Theoretical Physics with Generative AI
I think I’ve published the first research article in theoretical physics in which the main idea came from an AI - GPT5 in this case. The physics research paper itself (on QFT and state-dependent quantum mechanics) has been published in Physics Letters B.
Relativistic Covariance and Nonlinear Quantum Mechanics: Tomonaga-Schwinger Analysis
We use the Tomonaga--Schwinger (TS) formulation of quantum field theory to determine when state-dependent additions to the local Hamiltonian density (i.e., modifications to linear Schrodinger evolution) violate relativistic covariance. We derive new operator integrability conditions required for foliation independence, including the Frechet derivative terms that arise from state-dependence. Nonlinear modifications of quantum mechanics affect operator relations at spacelike separation, leading to violation of the integrability conditions.
Journal version: Physics Letters B
I wrote a second article describing the Generator - Verifier pipeline I used for physics research, and the specific interactions with the models that led to the research results.
Theoretical Physics with Generative AI
Large Language Models (LLMs) can make nontrivial contributions to math and physics, if used properly. Separate model instances used to Generate and Verify research steps produce more reliable results than single-shot inference. As a specific example, I describe the use of AI in recent research in quantum field theory (Tomonaga-Schwinger integrability conditions applied to state-dependent modifications of quantum mechanics), work now accepted for publication in Physics Letters B after peer review. Remarkably, the main idea in the paper originated de novo from GPT-5. GPT-5, Gemini, and Qwen-Max were used extensively to perform calculations, find errors, and generate the finished paper.
(I intended to post this on arXiv in the cs.AI repository, but what may have been an AI filter informed me it’s not appropriate for cs.AI!)
One of the best ways to develop intuition for LLM behavior and their mastery of physics is to ask the model about a topic (e.g. an already published article) about which the researcher has deep familiarity. In this case I tested several models on their understanding of a 2014 paper I had written on nonlinear QM [7]. In this paper we showed, using a QFT formulation, that state-dependent evolution would cause instantaneous entanglement of widely separated states. This phenomenon is highly problematic and places tight limits on any nonlinear corrections to QM. GPT-5 provided a perfect summary of the paper, which I investigated further as described below.
This exchange is remarkable because GPT-5 proposes a novel research direction - use of the Tomonaga-Schwinger formulation of QFT in order to investigate the tension between relativistic invariance (foliation invariance) and state-dependent modifications to QM. The equations generated above, in particular (⋆), form the core of the resulting paper.
… If you find this interesting, you can find the rest of the analysis here !
Conclusions
Large Language Models in Theoretical Physics This work illustrates the emergence of a new methodological paradigm in theoretical physics—one in which large language models (LLMs) serve not as passive assistants but as active participants in the research process. Used correctly, they can propose new ideas, derive equations, and detect inconsistencies with a level of speed and persistence unmatched by any human collaborator.

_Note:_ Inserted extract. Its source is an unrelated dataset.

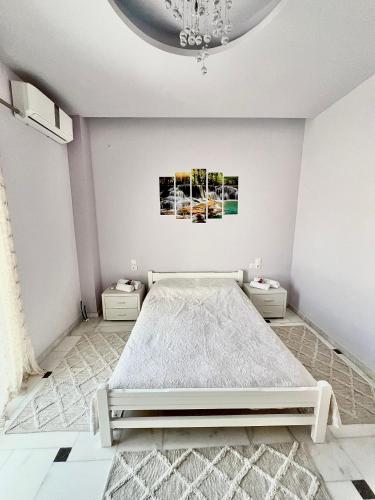- une chambre blanche avec un lit et un lustre dans l'établissement Marble luxury villa, à Neápolis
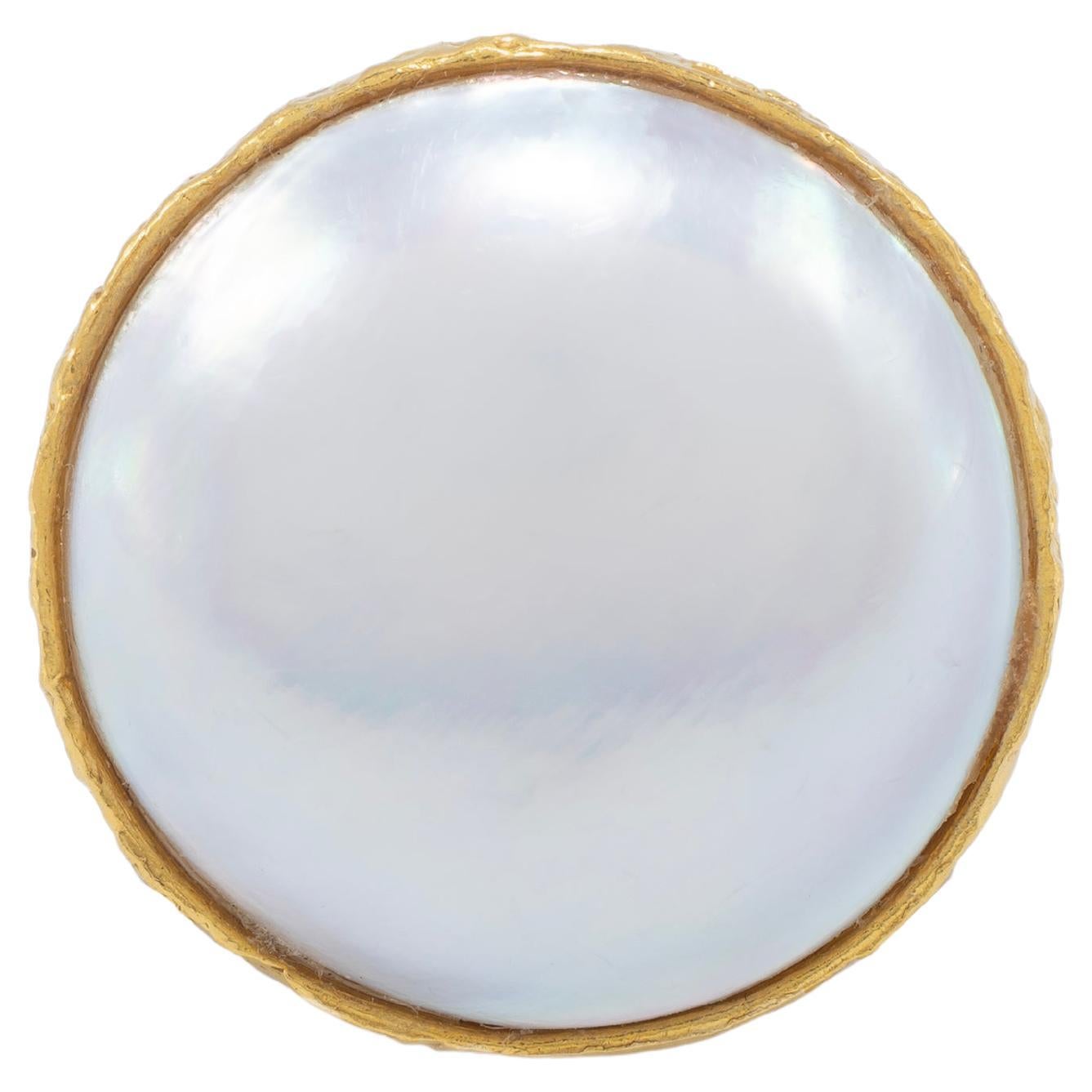 La bague cocktail Mabe Pearl Signature est sertie d'or 22k et dotée d'un double anneau pour un effet encore plus spectaculaire. Complète avec la finition signée Tagili Designs. Chaque saison, une nouvelle pierre est mise en vedette,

The case study described here demonstrates how LLMs such as GPT-5, Gemini, and QwenMax can engage with frontier research in quantum field theory, correctly manipulating the Tomonaga–Schwinger formalism and even suggesting novel research directions. Equally important, their fallibility underscores the necessity of structured human–AI collaboration: a workflow built on role separation between generation and verification, multiple independent model instances, and human oversight. In this arrangement, creativity is amplified while error rates are sharply reduced, yielding results that are both innovative and technically sound.
LLMs thus function as powerful symbolic manipulators, complementing human intuition and theoretical judgment. This is the case even if they only generate text that resembles human reasoning, without actual reasoning capability of their own - as suggested by some AI researchers. They can explore vast combinatorial and algebraic spaces, evaluate theoretical ideas, and expose hidden logical connections across subfields. Yet they remain limited in epistemic reliability; they do not “understand” physics in the same way that we do, and are subject to confabulation.
The near future will likely see hybrid human–AI collaborations become standard in mathematics, physics, and other highly formal sciences [10, 11]. As models continue to improve in precision, context retention, and symbolic control, they will increasingly resemble autonomous research agents - capable of generating conjectures, verifying derivations, and even preparing manuscripts that withstand peer review. Properly orchestrated, this synergy promises an era of accelerated discovery in which human insight and machine reasoning jointly advance our understanding of the fundamental laws of nature.




Thanks for the insightful blogpost! I'm co-organizing an Aspen Summer Workshop on "AI Reasoning in Theoretical Physics" in May 2026, would be great to have you! You might also like our theoretical physics benchmark TPBench.
"Separate model instances used to Generate and Verify research steps produce more reliable results than single-shot inference."
Does this mean you use several different AI products to check and confirm. your conclusions? Also would this approach work on the frontiers of string theory?